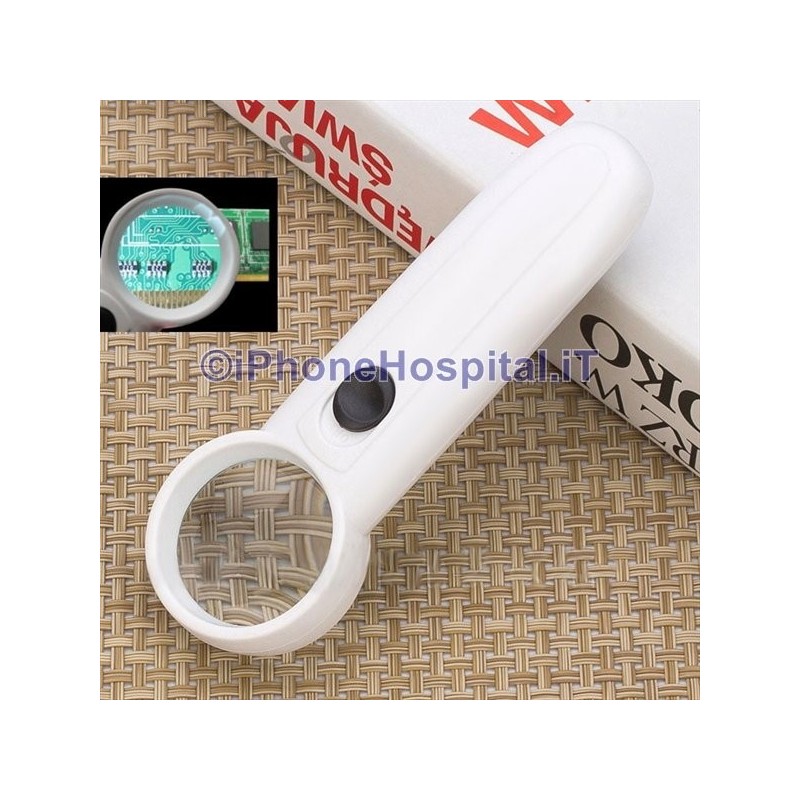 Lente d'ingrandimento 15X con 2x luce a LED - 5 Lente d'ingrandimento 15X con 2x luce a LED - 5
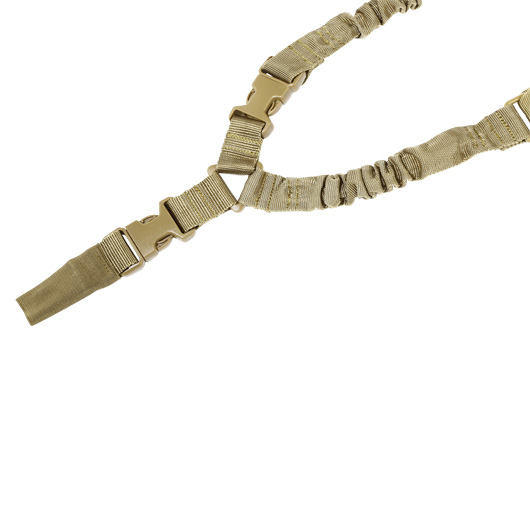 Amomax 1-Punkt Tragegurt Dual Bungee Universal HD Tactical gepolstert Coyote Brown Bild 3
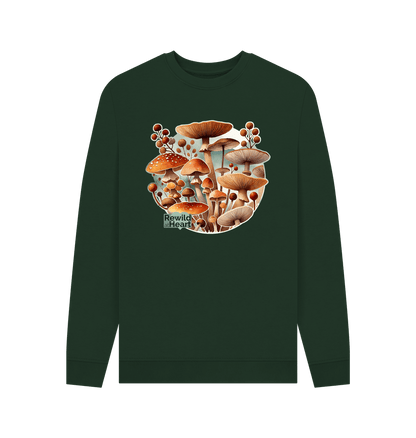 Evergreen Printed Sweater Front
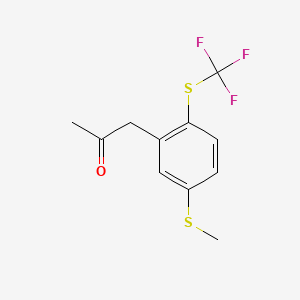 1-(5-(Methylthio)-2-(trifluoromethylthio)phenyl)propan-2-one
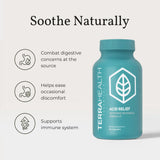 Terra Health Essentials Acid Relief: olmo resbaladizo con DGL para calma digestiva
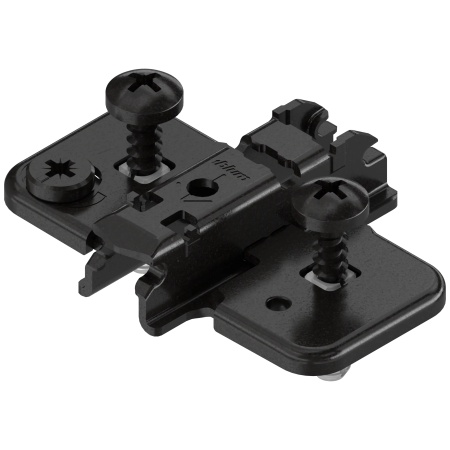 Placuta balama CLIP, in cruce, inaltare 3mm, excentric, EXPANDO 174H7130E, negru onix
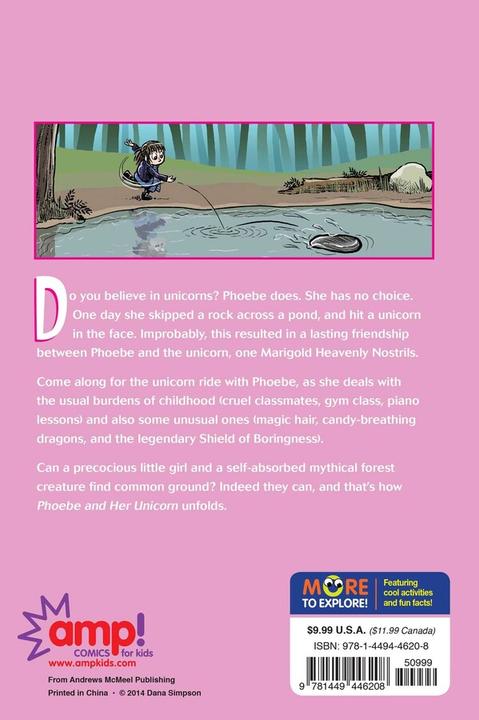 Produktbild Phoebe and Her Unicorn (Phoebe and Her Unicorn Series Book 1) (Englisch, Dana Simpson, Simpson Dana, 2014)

==

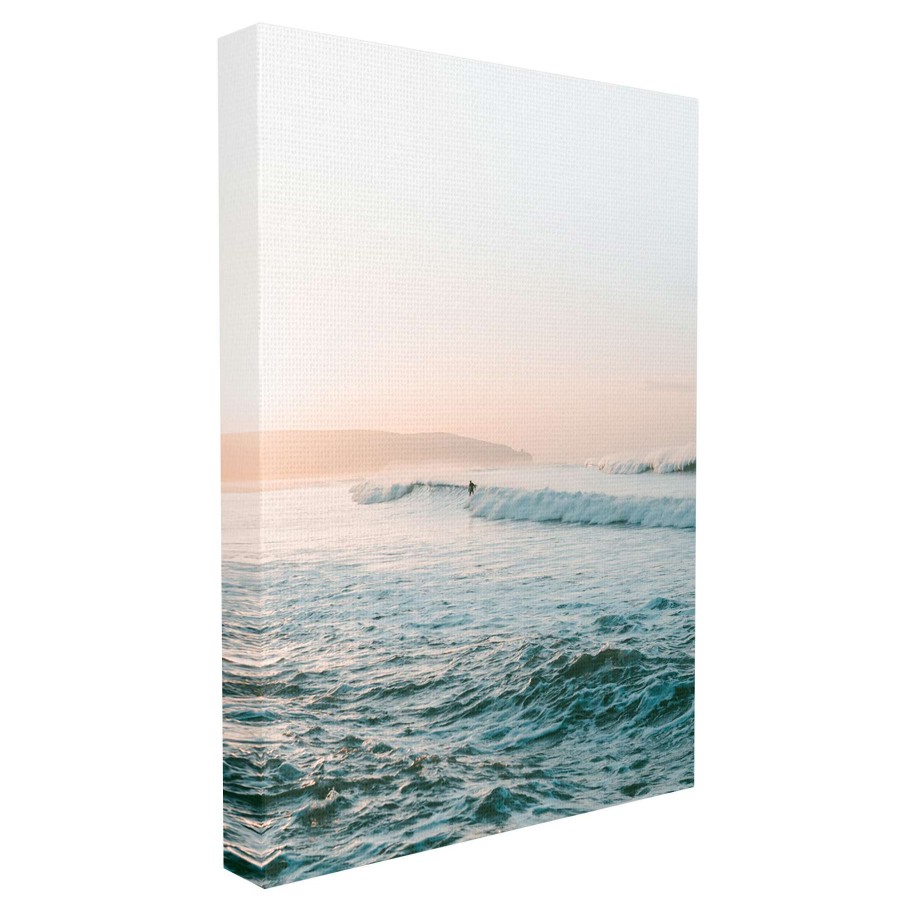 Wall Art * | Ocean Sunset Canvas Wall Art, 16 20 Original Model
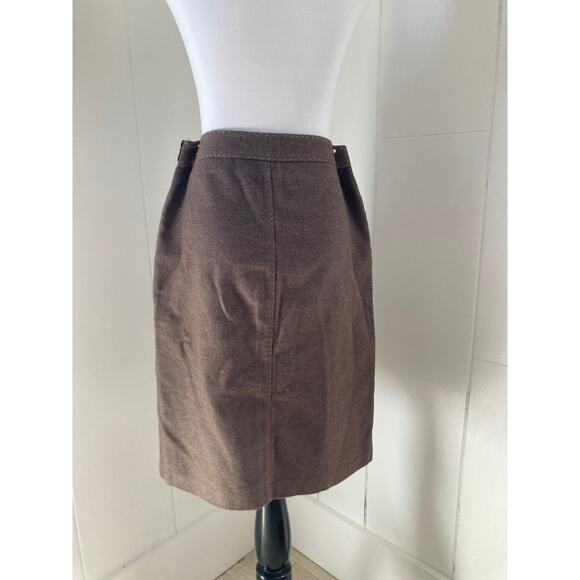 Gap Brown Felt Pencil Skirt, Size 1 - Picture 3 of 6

REQUIREMENT ▸ Starting with the line that has "Wall Art * |" and ending with the line that has "Gap Brown Felt", repeat the lines above exactly, omitting every picture.

TASK RESULT ▸
 Wall Art * | Ocean Sunset Canvas Wall Art, 16 20 Original Model
 Gap Brown Felt Pencil Skirt, Size 1 - Picture 3 of 6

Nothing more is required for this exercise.